LibreCat/Catmandu-MARC

closing collection tag is missing

Closed this issue · 4 comments

  • Catmandu::MARC 1.254
  • Catmandu 1.2015

im converting a huge XMLMARC file and while the input file has both an opening and closing tag the output only has the opening tag.

catmandu convert  MARC --type XML to MARC --type XML < test.marc.xml > test.fixed.marc.xml

input

<?xml version="1.0" encoding="UTF-8"?>
<collection xmlns="http://www.loc.gov/MARC21/slim"
  xmlns:xsi="http://www.w3.org/2001/XMLSchema-instance"
  xsi:schemaLocation="http://www.loc.gov/MARC21/slim
http://www.loc.gov/standards/marcxml/schema/MARC21slim.xsd">
<record>
...
</record>
</collection>

output

<?xml version="1.0" encoding="UTF-8"?>
<marc:collection xmlns:marc="http://www.loc.gov/MARC21/slim">
<marc:record>
...
</marc:record>
jorol commented

I can't reproduce this on my machine with same versions of modules. Could you please check the output of this conversion?

$ curl -s 'https://raw.githubusercontent.com/LibreCat/Catmandu-MARC/dev/t/marc.xml' | catmandu convert MARC --type XML to MARC --type XML

You can try to force the collection tags with option --collection 1:

$ catmandu convert  MARC --type XML to MARC --type XML --collection 1 < test.marc.xml > test.fixed.marc.xml

See https://metacpan.org/pod/Catmandu::Exporter::MARC::XML

I just shortened the import file from from 142k records to 200 records and now I do see the closing collection tag.

but with the large file it is still missing and catmandu doesnt complain or throw an error.

Something with the input file causes catmandu to silently create an invalid output file.
What could be the reason for that behaviour?

jorol commented

Could you please validate your XML import file?

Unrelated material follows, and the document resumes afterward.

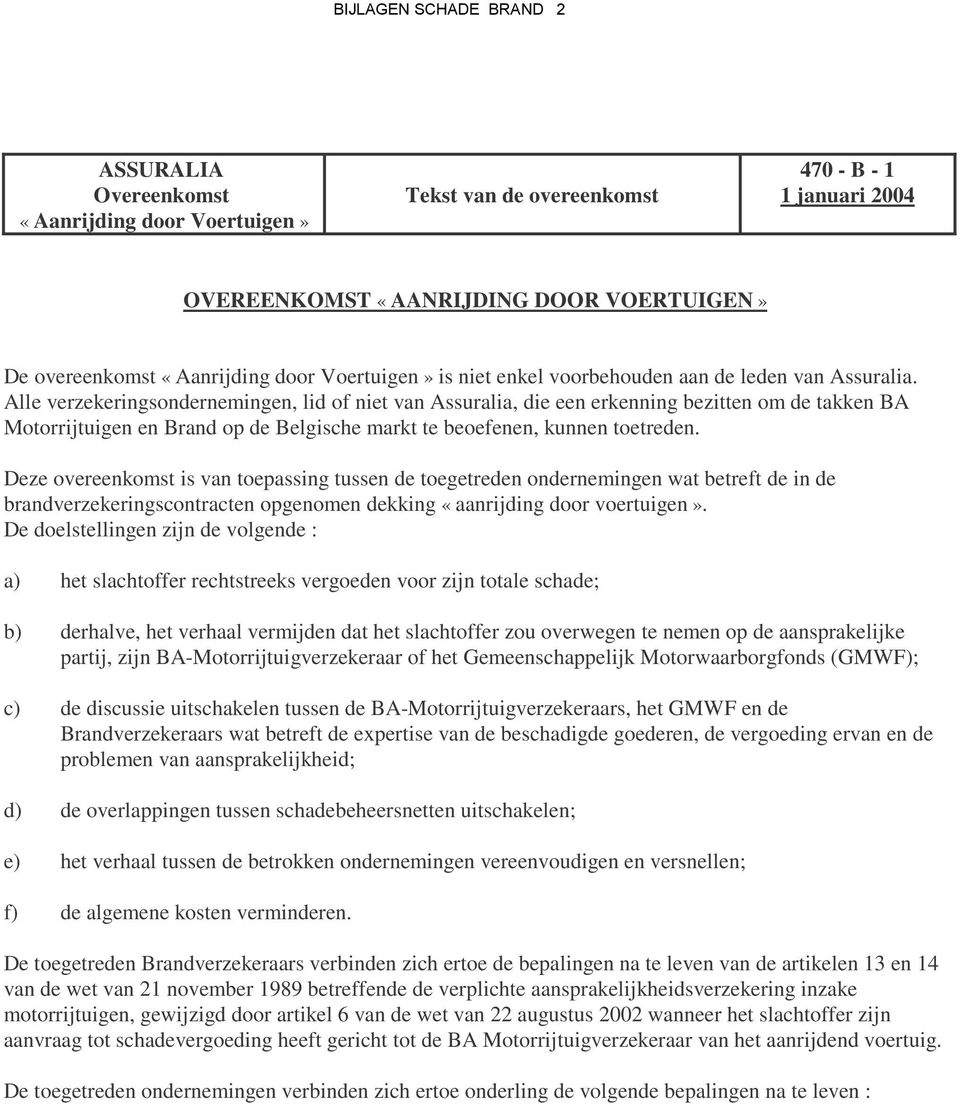 Alle verzekeringsondernemingen, lid of niet van Assuralia, die een erkenning bezitten om de takken BA Motorrijtuigen en Brand op de Belgische markt te beoefenen, kunnen toetreden.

$ xmllint --noout --schema http://www.loc.gov/standards/marcxml/schema/MARC21slim.xsd test.marc.xml
$ yaz-marcdump -n -i marcxml test.marc.xml

there was an error in the input file

xmllint --noout --schema http://www.loc.gov/standards/marcxml/schema/MARC21slim.xsd test.xml
test.xml:127779: element datafield: Schemas validity error : Element '{http://www.loc.gov/MARC21/slim}datafield': Missing child element(s). Expected is ( {http://www.loc.gov/MARC21/slim}subfield ).
test.xml fails to validate
<datafield tag="245" ind1="0" ind2="0">^M<!-- Feld3500 -->  </datafield>

after removing this line and re-running catmandu convert the closing tag is there.

thanks for the help!